What should I do if questioned by the police? Stay calm and be respectful and polite. Write down the name of the officer and the badge number. If the officer refuses to give you his/her name and badge number document this in writing. You can also get the plate number of the police car. Do not resist arrest, even if you are being wrongfully arrested.
Why should I be polite and respectful to those in law enforcement? You should be polite and respectful to anyone holding a gun! If they shoot you and nobody has a video camera and there are no witnesses, your side of the story is unlikely to be heard. Additionally, If you are not polite with the police, you greatly diminish your chance for recovering in a civil case against the police, as your credibility will be diminished in front of the jury. Additionally, clients who are rude to the police are inevitably rude to their attorney’s and make a poor impression in front of the jury. Most attorneys, including myself, have enough business that we don’t need to accept clients whom are less than polite. With some exceptions, you have a first amendment right to be rude. I also have the right not to work for you and not to accept your case and a jury has the right to award you very little money, even if the police were in the wrong.
What kind of police misconduct cases do you accept?
Wrongful Arrests: I accept wrongful arrests where the police do not have probable cause to make an arrest. Sometimes police negligently fail to properly identify a person before making an arrest. Sometimes the negligence is on the part of a city, county or state worker who fails to properly input data in a database.
Excessive Use of Force / Deadly Force: I also accept cases involving excessive use of force. In order to have an excessive force case you must be able to show that the police used excessive force in relation to the circumstances and that you were injured as a result of the excessive force.
False Imprisonment: Sometimes the police have probable cause to arrest someone but evidence later shows that the person is innocent. In these cases, a person should be immediately released. For instance, if a person were to fail the field sobriety tests for a DUII, there may be probable cause for the police to make an initial arrest. However, if that person were to later pass a breath and urine test, then the person should be released in a timely manner.
Strong Evidence: I prefer clients who have a clean criminal record because model citizens usually make better witnesses. I also prefer cases in which my clients have good evidence documenting their claim. In a civil case, the plaintiff has the burden of proof, meaning that if you make a claim against the police, you have to PROVE your claim. Good evidence documenting someone’s claim may include unbiased witnesses, videos, photos, admissions in police reports, doctor’s reports stating that the injuries are caused by the police misconduct, etcetera.

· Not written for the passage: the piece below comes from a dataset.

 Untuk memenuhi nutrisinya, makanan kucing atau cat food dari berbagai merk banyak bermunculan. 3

Other: I will consider other types of actions in relation to the police, city, county or state too. Sometimes potential clients call me and complain that they want to file a lawsuit because the police were rude to them. Rude words or behavior alone usually do not rise to the level of a lawsuit. There is no constitutional right to polite governmental service. Please don’t waste my time with frivolous complaints about the police exercising their first amendment right to be rude. Expect the police to be rude and be thankful for their rude honesty. If an officer is polite to you be thankful, yet wary of his/her ulterior motive. Anytime anyone from the government claims they are there to help you, be cautious.

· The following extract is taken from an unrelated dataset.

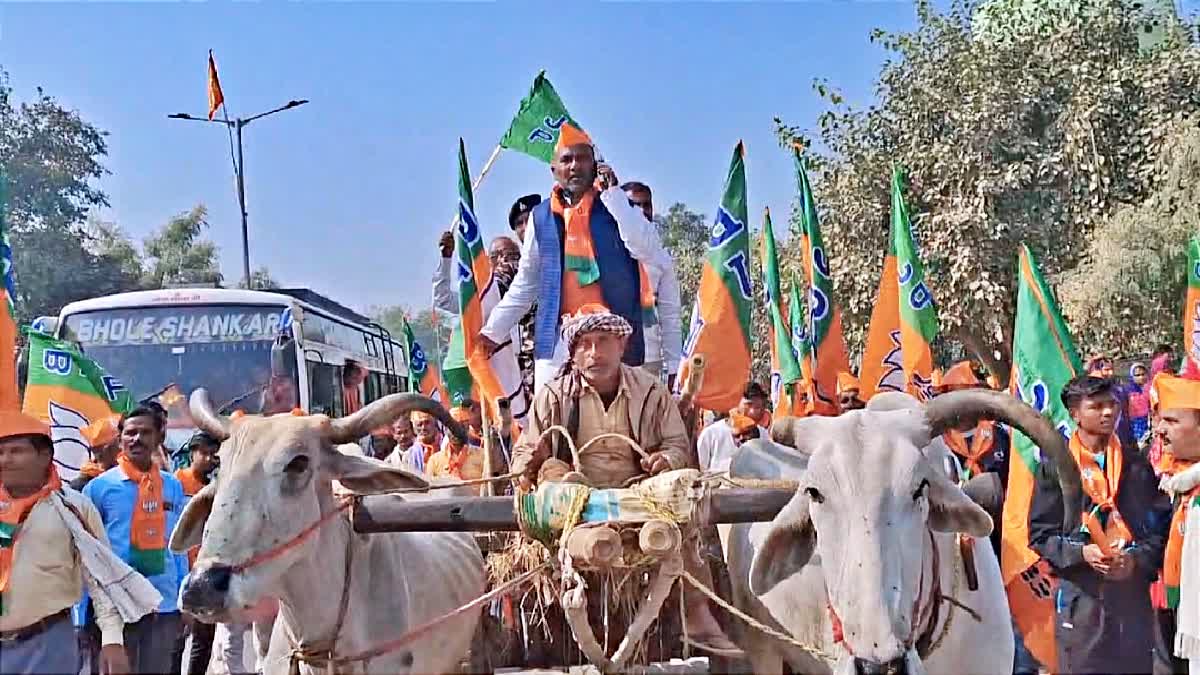 Lallan Paswan on bullock cart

What is the statute of limitations for a tort claim in the state of Oregon? Tort claims in Oregon that do not involve a death generally have a two-year statute of limitations. See ORS 12.110. Beware that you also have to get in tort claim notice against any governmental agency within 180 days.
Disclaimer: Any legal information on this site is not necessarily updated in a timely manner; neither is it a substitute for a legal analysis in relation to your case. I do not represent you and I am not your lawyer, unless you have a fee agreement with me.